Runs in the Lake District

Crummock Water (Length: 3.5 miles. Time: 40 mins. Ascent: 750ft.)

There’s a bit more variety to this run than the Buttermere one. And it doesn’t go round the lake either (the lake is about 8 miles all the way around it). It’s another good circuit though, and one that gets closer to real fell running, without going too far up.

Starting in the Lanthwaite Wood car park, head through the gate towards the lake. At the first opportunity, take the path leading up to the left. This is the steepest climb of the run, and seems a cruel way to start, but it’s good to get it out of the way. At the top of this hill there’s a gate that takes you on a grassier track down towards a farm. Up and over the handy steps in the wall to the left of the farm, you come onto the road. A short way along, you’ll be able to go across to the bracken-covered foot of Grasmoor. It’s not an obvious path from this point, but you should be able to see a narrow gap in the bracken up to your right. Make your way to this and it becomes clearer.

Now comes the fun part. This track, narrow, grassy and littered with rocks takes a lot of concentration, but is never boring. The constant shifts of stride length and pace as you go up and down along the terrace feels, at least to me, like a more natural way of running. Jumping over rocks and streams, sidestepping through taller bracken, the path culminates in an all out sprint down to a small car park by the road.

Going alongside the road a little way, you cross over to a gate on the other side, which takes you on down to the lake shore. Watch out here for slippery wooden bridges. The path ascends quite painfully from the beach, but it’s not as steep as the first climb. Opening a gate part way up gives a small reprieve. Across the edge of a field, you come back into Lanthwaite woods, ducking and weaving your way through branches that crowd the path. There’s also a very nice downhill section with the added bonus of gorse bushes, leading to a small stream, which you cross before going back into the trees.

The last section of the run back through the wider forest paths seems to have a lot more uphill than you would notice if you were walking through it. Including a particularly long incline, after which it’s a downhill sprint back to the car park.

Loweswater (Length: 2.9 miles. Time: 40 mins. Ascent: 650ft.)

Happy to go a bit higher? This is a short run still, but it does involve a long uphill section. After which, it’s downhill all the way back to the car. Being a circuit again, this run can be done more than one way round. The advantage of going anti-clockwise is the fact that there’s a long downhill section, but the last part does go over a pretty horrible rocky farm track. Going the other way also has a nice downhill section, but after that it’s further back to the car.

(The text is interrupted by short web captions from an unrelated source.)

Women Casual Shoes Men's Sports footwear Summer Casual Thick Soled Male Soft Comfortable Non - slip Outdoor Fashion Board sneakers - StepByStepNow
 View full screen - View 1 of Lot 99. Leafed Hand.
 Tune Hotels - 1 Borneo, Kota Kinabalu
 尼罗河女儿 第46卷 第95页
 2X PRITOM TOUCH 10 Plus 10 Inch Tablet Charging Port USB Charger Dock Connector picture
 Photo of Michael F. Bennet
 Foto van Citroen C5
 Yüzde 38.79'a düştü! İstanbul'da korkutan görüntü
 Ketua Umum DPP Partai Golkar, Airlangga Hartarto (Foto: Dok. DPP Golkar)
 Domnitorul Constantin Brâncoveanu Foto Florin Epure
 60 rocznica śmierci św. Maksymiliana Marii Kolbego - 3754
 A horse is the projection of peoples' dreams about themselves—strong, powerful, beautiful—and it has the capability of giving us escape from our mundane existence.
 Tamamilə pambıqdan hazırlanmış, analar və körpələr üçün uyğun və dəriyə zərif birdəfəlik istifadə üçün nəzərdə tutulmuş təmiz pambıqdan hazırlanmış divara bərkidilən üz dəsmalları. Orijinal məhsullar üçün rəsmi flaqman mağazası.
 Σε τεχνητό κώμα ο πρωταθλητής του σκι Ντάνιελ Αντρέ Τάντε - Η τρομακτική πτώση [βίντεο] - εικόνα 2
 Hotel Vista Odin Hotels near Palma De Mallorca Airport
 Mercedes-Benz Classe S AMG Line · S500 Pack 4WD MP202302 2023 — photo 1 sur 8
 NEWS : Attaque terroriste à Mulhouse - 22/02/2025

From Maggie’s bridge, there’s a hard, wide track leading towards the lake. If the gates are open, this is quite an easy section. If they’re not, then you either have to open them, or pick your way carefully across the cattle grids. A grassy shortcut presents itself close to the farm, crossing over a ditch and a narrow stream before meeting back up with the larger track into the woods. There are gentle ups and downs on this path, eventually crossing a wider stream at the lowest point. Either splash on through or use the bridge.

Now it’s the long slog uphill. It starts off gently at first, but once you take the next left, heading away from the lake, it gets a bit steeper. The path then doubles back, going towards the farm, but continues upwards. A short, muddy, but flatter stretch past a waterfall leads to a narrow track to the right. This is the steepest part of the run. At the end of this is a gate, where the path leaves the forest and goes along the top of it. And soon, you reach the highest part of the run.

It’s so tempting to go flat out down the hill, but the grass is slippery and the path is uneven. Even so, it’s not long before you reach a bridge. Crossing over, the path disappears into a bog, but it’s easy to pick up again. It’s the run’s way of getting back at you for using that bridge back in the woods. As you get closer to the farm again, big stones try to trip you up. Still going downhill, through the farm, it takes a lot of concentration to save your ankles. Then you come to the final muddy, rocky track through a field back to the car park.